Open goerlitz opened 6 months ago
https://github.com/openfoodfacts/openfoodfacts-server/issues/455 might be related.
@goerlitz We currently index words differently depending on language. For languages like French and English, users commonly drop accents, and there are very few conflicts (where removing accents gives an existing but different word). So when we index and query in English or French, we match both accented and unaccented.
For German, umlauts are more meaningful and are very rarely removed, so we keep them, in both queries and index. But that means searching in English (in the de-en domain) for accented words will not work well with products in German. If you want to search for German products, with German words in the query, then you should indicate that the query is in German (using lc=de or using the de domain).
Note that we will have a new search backend soon, it might behave differently. Check out the #search channel on Slack.
What
When searching German products with search terms containing Umlauts (ä,ö.ü,ß) the number of search results is different when using language English vs. German.

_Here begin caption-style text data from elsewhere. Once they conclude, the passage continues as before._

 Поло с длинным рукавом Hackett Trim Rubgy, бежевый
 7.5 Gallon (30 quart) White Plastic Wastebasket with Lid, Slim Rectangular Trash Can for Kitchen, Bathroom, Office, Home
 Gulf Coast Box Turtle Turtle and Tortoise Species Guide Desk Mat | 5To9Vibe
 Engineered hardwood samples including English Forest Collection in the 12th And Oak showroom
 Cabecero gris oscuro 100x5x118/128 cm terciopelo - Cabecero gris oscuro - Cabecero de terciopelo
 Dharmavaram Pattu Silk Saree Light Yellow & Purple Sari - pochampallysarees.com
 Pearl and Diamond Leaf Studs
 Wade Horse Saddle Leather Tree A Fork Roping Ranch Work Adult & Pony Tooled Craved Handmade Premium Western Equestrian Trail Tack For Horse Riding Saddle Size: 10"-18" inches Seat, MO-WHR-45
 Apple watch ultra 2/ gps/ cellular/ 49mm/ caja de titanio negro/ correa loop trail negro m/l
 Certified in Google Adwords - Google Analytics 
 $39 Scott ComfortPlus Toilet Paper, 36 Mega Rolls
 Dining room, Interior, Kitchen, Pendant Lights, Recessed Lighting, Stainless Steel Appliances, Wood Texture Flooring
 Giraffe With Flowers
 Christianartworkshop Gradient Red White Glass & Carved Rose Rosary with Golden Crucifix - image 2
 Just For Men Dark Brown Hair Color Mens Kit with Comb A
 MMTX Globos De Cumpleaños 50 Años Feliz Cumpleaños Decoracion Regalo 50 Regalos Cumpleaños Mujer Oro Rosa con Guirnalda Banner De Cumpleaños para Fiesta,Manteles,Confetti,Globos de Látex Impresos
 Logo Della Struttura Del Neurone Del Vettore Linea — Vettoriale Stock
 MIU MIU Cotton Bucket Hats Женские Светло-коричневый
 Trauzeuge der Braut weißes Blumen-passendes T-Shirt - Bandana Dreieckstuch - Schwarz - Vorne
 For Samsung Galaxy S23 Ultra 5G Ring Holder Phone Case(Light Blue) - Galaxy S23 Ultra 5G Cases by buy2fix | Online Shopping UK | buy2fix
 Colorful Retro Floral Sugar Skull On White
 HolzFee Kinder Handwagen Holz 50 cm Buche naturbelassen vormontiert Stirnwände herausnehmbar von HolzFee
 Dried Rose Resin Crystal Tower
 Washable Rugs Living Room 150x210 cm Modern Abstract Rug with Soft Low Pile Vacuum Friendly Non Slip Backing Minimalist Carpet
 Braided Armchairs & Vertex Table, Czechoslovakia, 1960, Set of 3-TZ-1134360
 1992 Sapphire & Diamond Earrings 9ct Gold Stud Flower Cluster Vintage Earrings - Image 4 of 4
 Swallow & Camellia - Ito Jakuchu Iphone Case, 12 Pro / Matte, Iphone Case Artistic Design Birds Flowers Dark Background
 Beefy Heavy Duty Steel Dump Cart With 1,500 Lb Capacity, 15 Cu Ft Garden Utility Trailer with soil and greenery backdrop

Steps to reproduce the behavior
Search term without Umlauts -> same results:
Search term containing Umlaut -> different results
"Käse" (cheese)
"Knödel" (dumplings)
"Müsli" (muesli)
"Spieß" (skewer) - but in Swiss German "Spiess"
"Soße" (sauce) - sauce is actually valid in German too, but Soße the preferred German name
It seems that the transliteration of
ä->ae
,ö->oe
,ü->ue
,ß->ss
for indexing and search are handled differently German vs. English.Expected behavior
The search should return the same results independent of the selected language and umlauts used. (like "Pâté" <-> pate in French).